The following are habits that damage the kidney gradually even without knowing.
It’s not too late to unlearn these habits that damage the kidney. Here are common habits that you might not realize are putting pressure on your kidneys.
1. Excessive use of Painkillers
Over the counter pain medicines, such as NSAIDs (nonsteroidal anti-inflammatory drugs), may alleviate your aches and pains, but they can harm the kidneys, especially if you already have kidney disease. Reduce your regular use of NSAIDs and never go over the recommended dosage. Go natural instead.

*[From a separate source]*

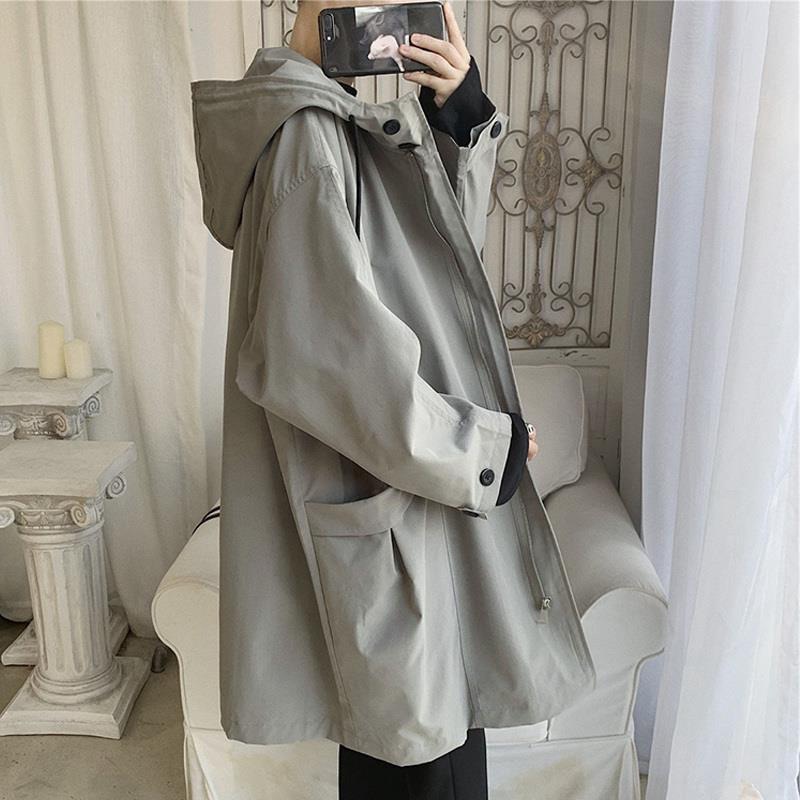 韓版中長款連帽潮流帥氣風衣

2. Abusing the Salt Shaker
Diets high in salt are high in sodium, which can increase blood pressure and, in turn, harm your kidneys. Flavor your foods with herbs and spices instead of salt. Over time, you may find it easier to avoid using added salt (sodium) on your food.
3. Eating Processed Foods
Processed foods is one of the habits that damage kidney. They are significant sources of sodium and phosphorus. Many people who have kidney disease need to limit phosphorus in their diets. Some studies have shown that high phosphorus intake from processed foods in people without kidney disease may be harmful to the kidney
4. Not Drinking Enough Water
Staying well hydrated helps your kidneys clear sodium and toxins from the body. Drinking plenty of water is also one of the best ways to avoid painful kidney stones. Those with kidney problems or kidney failure may need to restrict their fluid intake, but for most people, drinking 1.5 to 2 liters (3 to 4 pints) of water per day is a healthy target.
5. Missing Out on Sleep
A good night’s rest is extremely important to your overall well-being and, it turns out, your kidneys. Kidney function is regulated by the sleep-wake cycle which helps coordinate the kidneys’ workload over 24 hours.
6. Eating Too Much Meat
Animal protein generates high amounts of acid in the blood that can be harmful to the kidneys and cause acidosis – a condition in which kidneys cannot eliminate acid fast enough. Protein is needed for growth, upkeep and repair of all parts of the body but your diet should be well balanced with fruits and vegetables.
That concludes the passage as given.